More Regulations Breed More Federal Regulatory Jobs
Regulatory agencies are reputed to having very many bureaucracies in performing their regulatory duties. Regulatory jobs are mainly in the public sector which is very slow in automating its services. This, therefore, implies that the agencies must have several individuals to cover the provision of the relevant services. Regulatory agencies are also known to carry out field inspections to ensure that relevant regulations are strictly implemented which requires more manpower. In addition, the agencies being public entities, their priority is not to make any profits but rather to create jobs and provide public services. The government, therefore, uses such agencies to create jobs in the public sector. Private firms, on the other hand, are business entities with the sole intention of maximizing their profits. To do this, they always strive to cut their costs as much as possible. They only use the necessary number labor force. Private firms also embrace the use of technology and automate their operations as a means of cutting down their operations costs. Regulatory agencies are, therefore, more labor intensive than private firms due to the nature of their work and also to fulfill their duty as government entities to create more jobs to the public.
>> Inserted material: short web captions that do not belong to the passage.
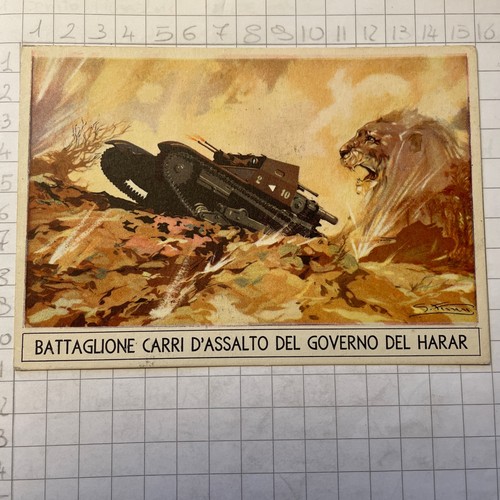 Cartolina collezione - cartolina,
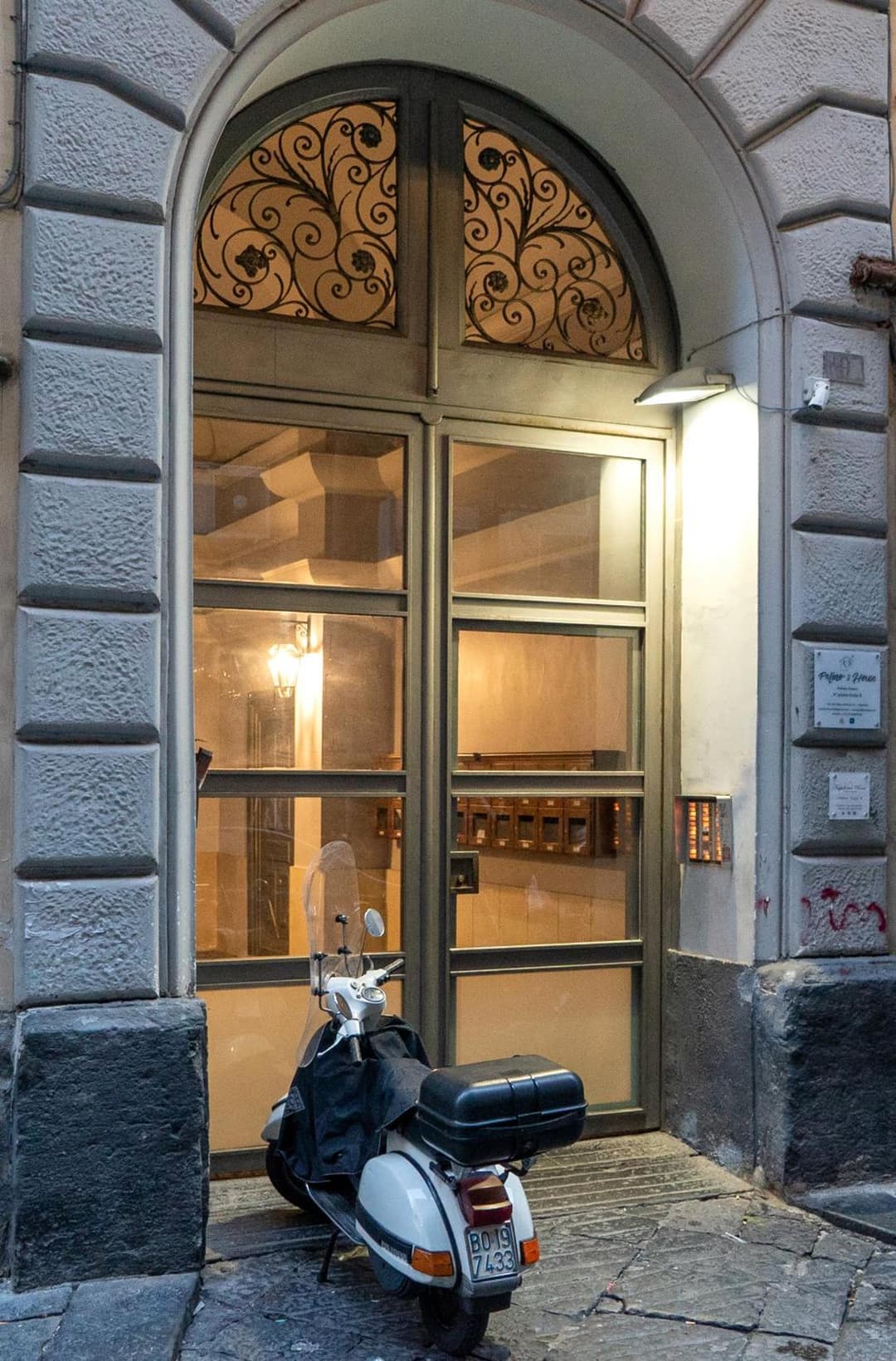 Napoliviva Bovio — photo 1 of 1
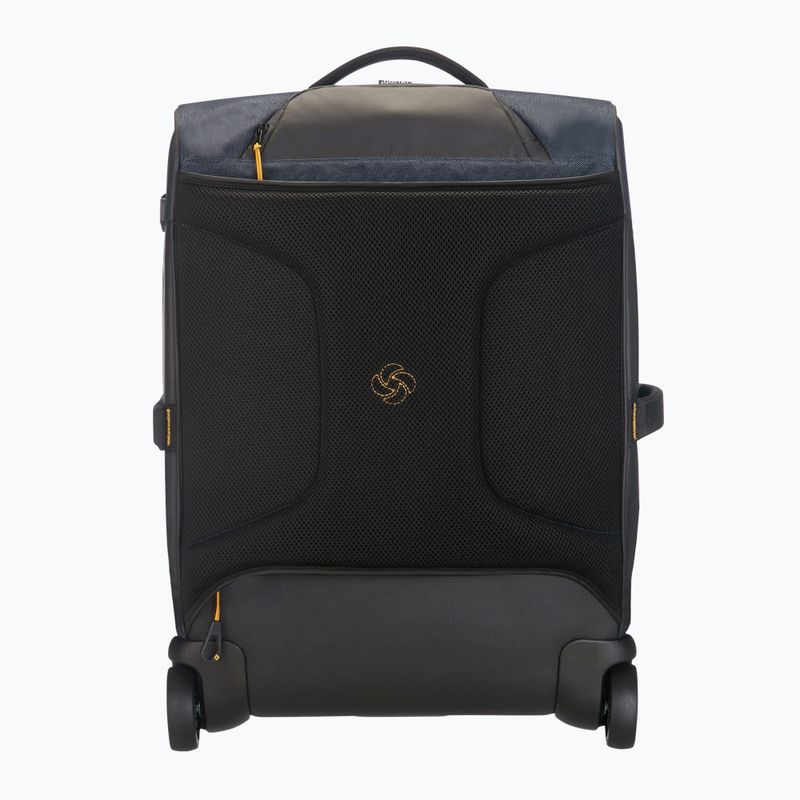Torba podróżna Samsonite Paradiver Light 51 l jeans blue 2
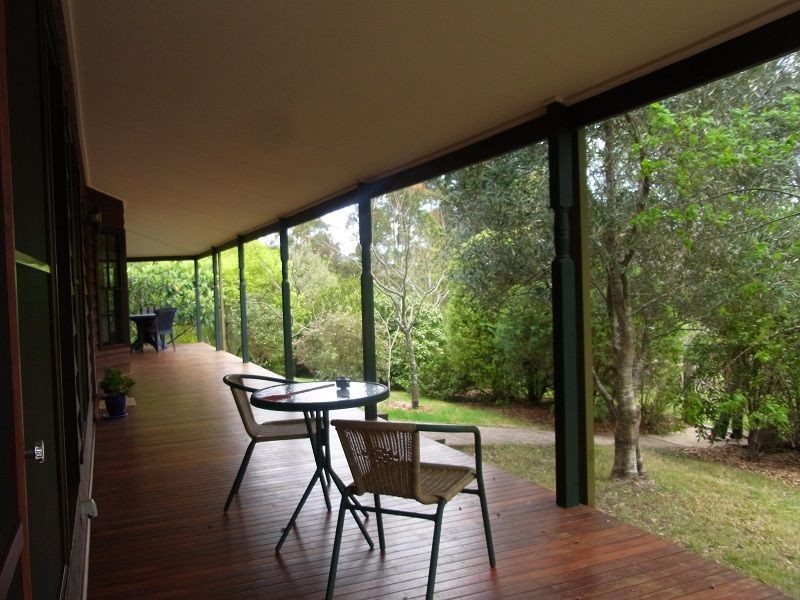 360 Myrtle Mountain Road, Wyndham NSW 2550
The regulatory share of employment will increase further if the rate of growth of regulatory employment stays five times higher than the overall employment growth rate. Given that currently there are almost 2.2 positions of federal regulatory jobs for every 1,000 U.S. workers, the ratio is likely to rise further if the growth rates remain the same. The industry will, therefore, become one of the leading employers in the United States. This will lead to the regulatory industry being overstaffed resulting into an idle workforce.